Вот они все летают и летают. А зачем? Было же в этом народно-хозяйственное значение? Но нет, все развернуто так, словно выкидывать деньги на все эти рекорды было самоцелью.
Формула «это общество было нужно, чтобы построить ракету, достигнуть стратосферы» мало чем отличается от современной газетной мифологии «России, вернувшей себе статус мирового игрока». И то, и другое не соответствует действительности. И первое, и второе – пиар.
Вот и героика полетов – такой же пиар, организованный журналистами вроде Бровмана. Бумажные герои, которых развеет на все четыре стороны завтрашний ветер истории.
В справедливом обществе жить нельзя – вот такая мысль вдалбливается читателю. Там где справедливость – нет воздуха. Но кому нельзя? Тому, кому сейчас именуют человеком – существу жующему и кочующему по постелям, а в перерывах предающемуся мечтаниям о великих идолах-героях, прочитать о которых можно теперь в разделе светской хроники?
Быков так и не разъяснил каким обществом был Советский Союз и кто к нему оказался не приспособлен: Волчак или безвестный мещанин численностью девяносто процентов?
Похоже, что ему самому не чужда идея элитаризма, которую Антонов-Туполев, подобно герою-идеологу а-ля Голдстейн из «1984» вкладывает в голову читателям. Быков сам отравлен придуманным, пропагандистским, архаичным культом героев.

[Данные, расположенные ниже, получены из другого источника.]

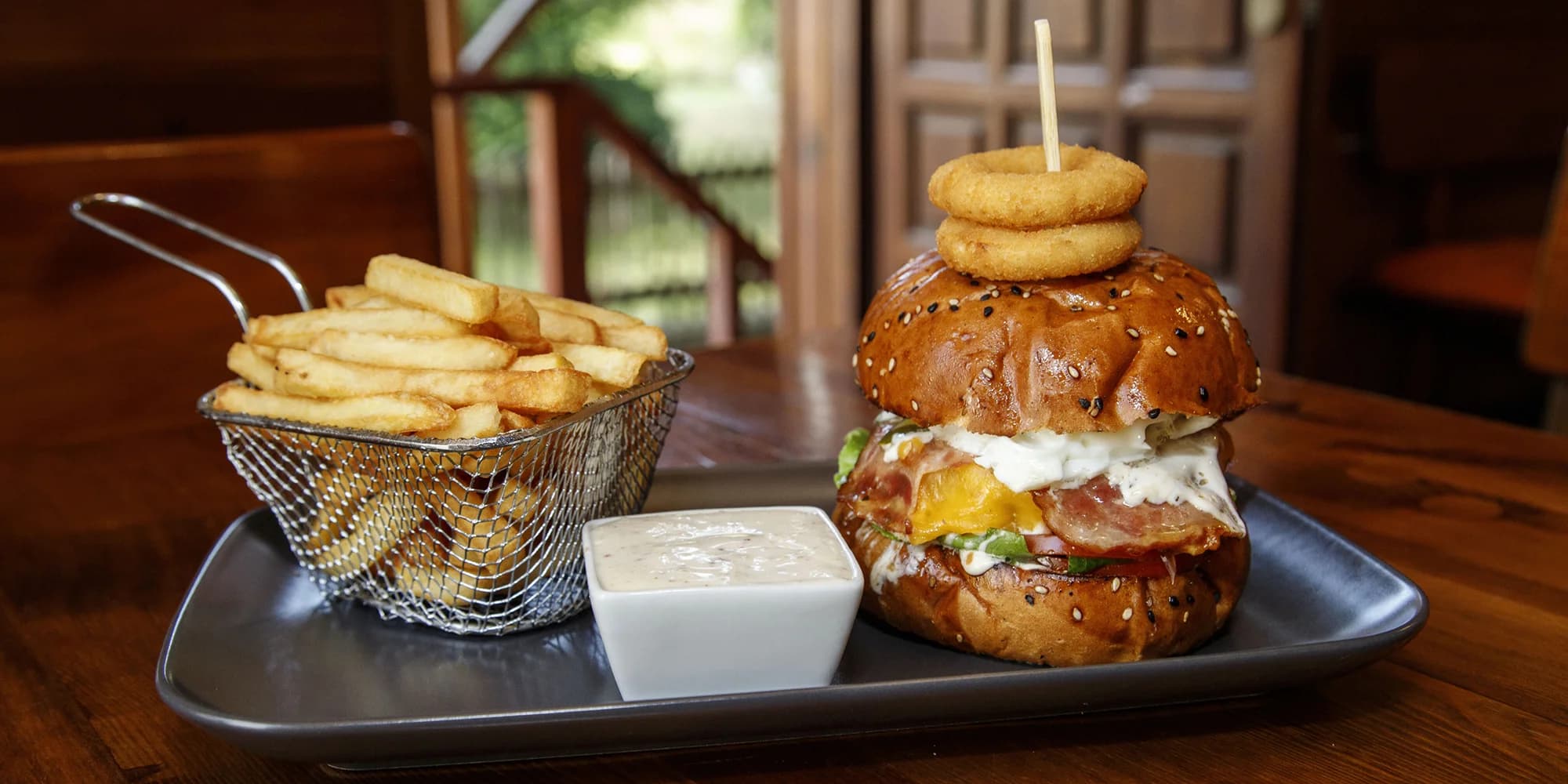 Burger podle výběru z 7 druhů: hovězí nebo kuřecí maso, zeleninový řízeček i halloumi, hranolky a dip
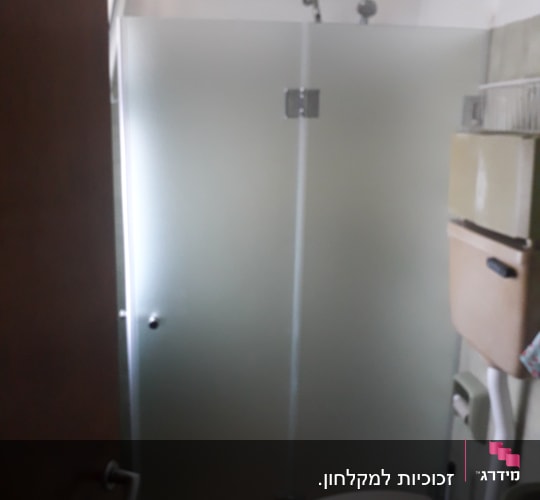 מקלחון עם דלת זכוכית חלבית וברז מקלחת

Поэтому склонен вслед за Бровманом квинтэссенцию нового строя – 60-80-е выдавать за некое угасание в сравнении с высотами и глубинами сталинской эпохи. Поэтому СССР закончился в 1953-м. Очарование гигантизмом. Знакомо. Они и впрямь любят Сталина, также как некоторые любят Фредди Крюгера или Чаки.
Здесь имеет смысл вернуться к фаустовской линии романа, которая трактуется в книге превратно.
Суть фаустовского начала состоит не в испытании пределов, а в обнаружении того, что их не существует. Фаусты перешагивают через пределы, а Быков по-свидригайловски предлагает обустраиваться в бане с пауками.
Фауст - это идея перманентного развития. Предел – категория эстетическая и историческая, а не метафизическая. Мышление в пределах границ - удел классически прекрасного, гармоничного. И если уж говорить о том, почему герои должны уйти в новую эпоху, то это потому что в них слишком много аполлонического, слишком много сознания того, что должен быть предел, границы, гармония. Фаустовский век дисгармоничен, он весь устремлен вперед, в будущее – в это невозможное и недостижимое (пока). Поэтому он преодолевает и героику и романтику. Фауст – это прощание с романтикой индивидуализма, потому что предметом романтики перестает быть уникальное. Романтика стремится к своей тотальности.
То есть Быков сам отвергает идею развития. Для него жизнь – ограниченное пространство. У небосвода есть потолок, к нему прибиты звезды, а под ногами гигантская черепаха, дойдешь до ее края и свалишься.
Потому в романе нет будущего. Ощущение смены времен в романе присутствует (было иное, теперь такое), но представление о том для чего и к чему они сменяются нет. Нет этого заглядывания вперед, в непознаваемое.
Эта лишенность книги внутреннего иррационального начала, ее спертость, проявляется и в другой, заметной по интервью самого Быкова особенности.
Обычное дело: добавить автору к написанному, и очевидно вычитываемому из романа, нечего, он так и не вышел за намеченные пределы. Текст равен самому себе – максимум с ним можно полемизировать.